Aim of the task: Write out, word for word, the line that contains "An E. Ingraham Regent Mantel Clock" and each line after it down to the last line of the data below. Include nothing more.

Records supplied section start

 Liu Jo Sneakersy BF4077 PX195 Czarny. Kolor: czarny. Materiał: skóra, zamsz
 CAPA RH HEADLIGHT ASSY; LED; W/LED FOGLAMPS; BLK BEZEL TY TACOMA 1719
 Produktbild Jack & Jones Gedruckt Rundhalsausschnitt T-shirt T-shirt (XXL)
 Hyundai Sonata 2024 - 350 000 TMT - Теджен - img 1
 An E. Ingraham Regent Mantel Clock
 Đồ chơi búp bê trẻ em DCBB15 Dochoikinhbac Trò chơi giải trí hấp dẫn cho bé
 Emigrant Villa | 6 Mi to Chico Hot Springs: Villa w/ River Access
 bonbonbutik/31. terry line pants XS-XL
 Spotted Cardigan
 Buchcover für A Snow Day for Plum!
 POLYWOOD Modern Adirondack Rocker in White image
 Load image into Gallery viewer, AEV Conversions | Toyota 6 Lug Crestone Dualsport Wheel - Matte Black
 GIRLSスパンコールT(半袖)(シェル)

Records supplied section end

Solution to this task:
 An E. Ingraham Regent Mantel Clock
 Đồ chơi búp bê trẻ em DCBB15 Dochoikinhbac Trò chơi giải trí hấp dẫn cho bé
 Emigrant Villa | 6 Mi to Chico Hot Springs: Villa w/ River Access
 bonbonbutik/31. terry line pants XS-XL
 Spotted Cardigan
 Buchcover für A Snow Day for Plum!
 POLYWOOD Modern Adirondack Rocker in White image
 Load image into Gallery viewer, AEV Conversions | Toyota 6 Lug Crestone Dualsport Wheel - Matte Black
 GIRLSスパンコールT(半袖)(シェル)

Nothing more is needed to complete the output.